How to Decide What to Blog About

Monday, September 1st, 2008

If you’re interested in marketing or economics (or blogging) and you haven’t read Chris Anderson’s The Long Tail, do it as soon as you can. It’s a brilliant book which explains that although a few market leaders account for the majority of sales in pretty much any industry, in any sales graph there is a ‘long tail’ of less popular items which don’t sell anywhere near as many as the most popular, but when you add them all up together, it still makes up for a lot of sales. For example, in the music business the number one album of the week might sell 100,000 copies, whilst ‘Pipe Organ Classics’ and 100,000 other obscure albums might only sell 1 copy each. If you have a store in a shopping mall (or even a warehouse near an airport) you don’t have enough space to stock 100,000 albums, but if your retail space is a website, you can afford to do that because there are no restrictions on what you can put on the shelves.
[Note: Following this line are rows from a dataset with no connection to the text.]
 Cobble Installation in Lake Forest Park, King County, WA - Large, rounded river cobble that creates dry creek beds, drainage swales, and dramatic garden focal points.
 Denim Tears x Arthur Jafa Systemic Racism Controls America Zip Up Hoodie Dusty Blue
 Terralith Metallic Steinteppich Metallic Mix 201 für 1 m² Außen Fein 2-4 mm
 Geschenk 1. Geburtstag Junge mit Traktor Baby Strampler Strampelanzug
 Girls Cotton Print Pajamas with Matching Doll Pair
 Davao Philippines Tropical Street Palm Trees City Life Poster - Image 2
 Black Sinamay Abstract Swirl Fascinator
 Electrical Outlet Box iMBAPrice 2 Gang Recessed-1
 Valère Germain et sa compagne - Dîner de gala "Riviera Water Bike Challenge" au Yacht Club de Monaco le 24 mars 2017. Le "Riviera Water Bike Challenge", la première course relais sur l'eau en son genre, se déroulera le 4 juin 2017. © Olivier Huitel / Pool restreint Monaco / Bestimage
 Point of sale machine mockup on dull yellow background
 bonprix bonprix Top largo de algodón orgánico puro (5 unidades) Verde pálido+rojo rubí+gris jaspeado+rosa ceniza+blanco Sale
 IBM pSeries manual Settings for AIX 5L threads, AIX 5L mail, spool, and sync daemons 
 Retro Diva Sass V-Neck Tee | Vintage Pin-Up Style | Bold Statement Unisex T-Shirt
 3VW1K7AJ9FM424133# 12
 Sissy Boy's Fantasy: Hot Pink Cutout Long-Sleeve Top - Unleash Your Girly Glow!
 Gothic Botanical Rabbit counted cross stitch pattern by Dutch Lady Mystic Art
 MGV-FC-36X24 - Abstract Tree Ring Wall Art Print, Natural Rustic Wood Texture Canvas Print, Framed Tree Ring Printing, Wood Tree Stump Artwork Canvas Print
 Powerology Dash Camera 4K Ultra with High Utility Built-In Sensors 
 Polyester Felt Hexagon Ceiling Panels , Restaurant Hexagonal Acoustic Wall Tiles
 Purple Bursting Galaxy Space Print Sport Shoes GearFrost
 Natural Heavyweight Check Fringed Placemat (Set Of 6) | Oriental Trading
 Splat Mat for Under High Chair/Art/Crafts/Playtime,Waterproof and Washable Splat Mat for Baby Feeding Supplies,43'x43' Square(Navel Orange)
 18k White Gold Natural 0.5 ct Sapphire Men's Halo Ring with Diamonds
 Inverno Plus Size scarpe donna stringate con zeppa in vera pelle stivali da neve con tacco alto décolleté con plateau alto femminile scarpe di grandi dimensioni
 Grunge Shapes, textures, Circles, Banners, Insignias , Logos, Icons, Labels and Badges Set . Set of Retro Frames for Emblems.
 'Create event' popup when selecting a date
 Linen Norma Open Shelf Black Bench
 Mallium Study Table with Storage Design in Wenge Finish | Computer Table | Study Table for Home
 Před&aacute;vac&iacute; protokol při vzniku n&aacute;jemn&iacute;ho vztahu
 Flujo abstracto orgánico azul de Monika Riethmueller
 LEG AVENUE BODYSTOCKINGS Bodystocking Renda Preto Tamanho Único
A typical ‘long tail’ sales graph might look something like this:

The Long Tail

I could have grabbed that graphic from any number of websites which discuss long-tail theory, but I didn’t need to, because it’s actually the graph of popularity of articles in this blog. The most-popular one is about how mobile phone networks powered by Australian telecommunications provider Optus went down for a day. It racked-up a huge amound of hits on that particular day and has been largely ignored since (much like a cheesy hit song: think Crazy Frog Ringtone, if you even remember what that is). The least-popular article is a little thought-piece I wrote last week about imagining if every product you bought came with a photo of the factory worker who made it. I really like that piece, but nobody else seemed to (think art-school poetry, if you’ve ever read any).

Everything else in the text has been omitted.